Below are some entries; set them all down exactly.

▶ _Stored data_:
++++++++
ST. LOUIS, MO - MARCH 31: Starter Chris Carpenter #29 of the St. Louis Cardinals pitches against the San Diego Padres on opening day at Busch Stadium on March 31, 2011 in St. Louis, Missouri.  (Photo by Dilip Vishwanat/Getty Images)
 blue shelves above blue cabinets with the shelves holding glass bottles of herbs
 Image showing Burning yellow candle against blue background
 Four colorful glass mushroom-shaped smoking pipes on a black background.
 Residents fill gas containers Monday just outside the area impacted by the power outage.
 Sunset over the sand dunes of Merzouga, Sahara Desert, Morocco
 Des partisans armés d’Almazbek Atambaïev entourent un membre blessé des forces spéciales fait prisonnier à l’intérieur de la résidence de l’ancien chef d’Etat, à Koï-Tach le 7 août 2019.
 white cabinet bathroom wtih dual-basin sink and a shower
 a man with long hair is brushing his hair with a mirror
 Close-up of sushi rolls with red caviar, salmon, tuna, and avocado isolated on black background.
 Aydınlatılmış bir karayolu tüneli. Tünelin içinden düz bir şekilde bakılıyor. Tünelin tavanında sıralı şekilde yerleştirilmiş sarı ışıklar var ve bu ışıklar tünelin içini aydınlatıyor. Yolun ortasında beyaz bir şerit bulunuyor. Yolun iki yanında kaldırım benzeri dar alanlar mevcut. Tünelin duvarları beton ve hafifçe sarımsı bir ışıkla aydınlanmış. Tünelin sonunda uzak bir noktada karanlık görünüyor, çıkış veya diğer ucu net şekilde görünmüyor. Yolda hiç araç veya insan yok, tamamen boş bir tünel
++++++++
▶ _Response to this task_:
ST. LOUIS, MO - MARCH 31: Starter Chris Carpenter #29 of the St. Louis Cardinals pitches against the San Diego Padres on opening day at Busch Stadium on March 31, 2011 in St. Louis, Missouri.  (Photo by Dilip Vishwanat/Getty Images)
 blue shelves above blue cabinets with the shelves holding glass bottles of herbs
 Image showing Burning yellow candle against blue background
 Four colorful glass mushroom-shaped smoking pipes on a black background.
 Residents fill gas containers Monday just outside the area impacted by the power outage.
 Sunset over the sand dunes of Merzouga, Sahara Desert, Morocco
 Des partisans armés d’Almazbek Atambaïev entourent un membre blessé des forces spéciales fait prisonnier à l’intérieur de la résidence de l’ancien chef d’Etat, à Koï-Tach le 7 août 2019.
 white cabinet bathroom wtih dual-basin sink and a shower
 a man with long hair is brushing his hair with a mirror
 Close-up of sushi rolls with red caviar, salmon, tuna, and avocado isolated on black background.
 Aydınlatılmış bir karayolu tüneli. Tünelin içinden düz bir şekilde bakılıyor. Tünelin tavanında sıralı şekilde yerleştirilmiş sarı ışıklar var ve bu ışıklar tünelin içini aydınlatıyor. Yolun ortasında beyaz bir şerit bulunuyor. Yolun iki yanında kaldırım benzeri dar alanlar mevcut. Tünelin duvarları beton ve hafifçe sarımsı bir ışıkla aydınlanmış. Tünelin sonunda uzak bir noktada karanlık görünüyor, çıkış veya diğer ucu net şekilde görünmüyor. Yolda hiç araç veya insan yok, tamamen boş bir tünel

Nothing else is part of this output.